Friday, January 18, 2019
Chronicles of a Rescue Dog, Part 3--Things Go Downhill
Kai had a lot of behavioral issues from the very beginning. Most of them weren't directed at Old Dog or me, but manifested when Kai encountered other people or animals. Because he found these interactions so stressful, I contacted the vet and got a supply of Trazadone, aka doggy downers, to help him manage his anxiety.
On Christmas Eve, when Old Dog's kids and their kids traditionally get together with us to celebrate Christmas, I gave him the first round. Even with the drugs in his system, Kai had to be kept on a leash most of the day--which created its own issues, since he's very protective of me and didn't want anyone near me.
On New Year's Eve, for my annual sleepover event with all the grandkids, I tried administering more drugs, and sooner. That seemed to help some. I also left him off the leash. He wasn't overtly aggressive with anyone, just displayed typical herding behavior common in Aussies. I've spent the past eight New Year's Eves yelling, "No running!" all evening. This year, it was like I had a furry 50-pound bouncer enforcing that rule.
My own personal worst week with him was Week 2, when he began mounting me to assert his dominance whenever I didn't do what he wanted--which usually meant I wasn't taking him outside to play ball 500 times a day. I finished the week riddled with bruises down my back, ribs and legs. After I watched a couple of YouTube videos on how to manage that behavior though, (just tell him, in a firm, calm voice, to sit) it quickly tapered off.
Through all of this, I kept my hopes pinned the obedience class that started after New Years. If I could get him through the basics, I could take him on through agility classes and/or scent training. He's very bright, so either of those would give him the "job" that I understand is critical for keeping Aussies engaged and out of trouble.
On January 3rd, we went to our first obedience class. In preparation, I gave him 90 mg of Trazodone three hours ahead of time and then walked him for a half hour. Despite my precautions, as soon as we got out of the car and he saw the other dogs, he started barking and yelping and lunging.
The instructors funneled us off to a separate room to see if he could calm down. He did, somewhat, but when one of the instructors came in to talk to us, he lunged at her face. She said she felt a tooth graze her cheek. She left the room, very shaken. A few minutes later, the other instructor came in an coached me through calming him again, using the sit command and frequent treats. He seemed to be fine until, out of nowhere, he lunged at her, too. She said they'd refund my training fee and recommended private training. She said their greatest concern was his unpredictability--that he seemed okay one second and would attack a second later.

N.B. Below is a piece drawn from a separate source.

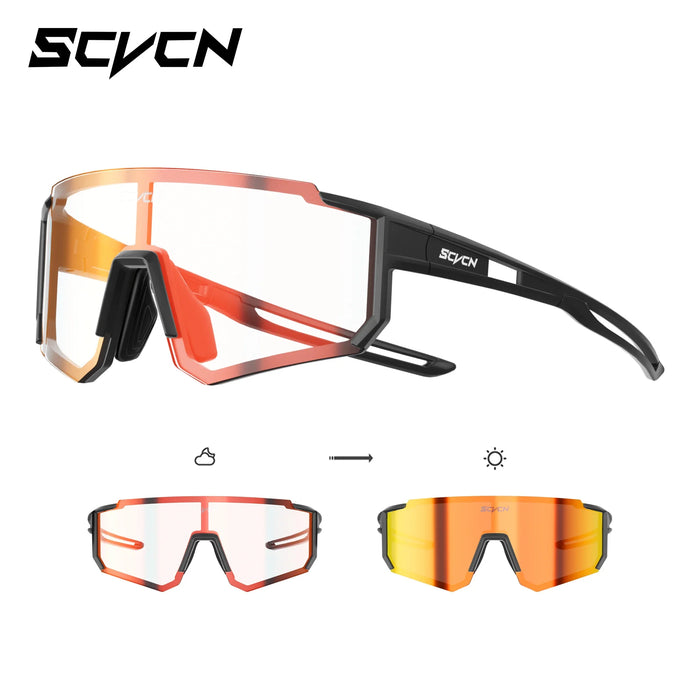 SCVCN Children's Polarized Photochromic Cycling Sunglasses Outdoor Running Glasses Boy Girl 6-14 Years Glasses Kids UV400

Private training is expensive--the local trainer I've found charges $1500. It's just not in our budget, particularly since there's no guarantee it would help. Correcting his behavior is beyond my skills. I was really counting on those obedience classes.
So, I contacted the rescue organization about returning him. They asked me to meet with a trainer so they could evaluate whether he can be placed with another family.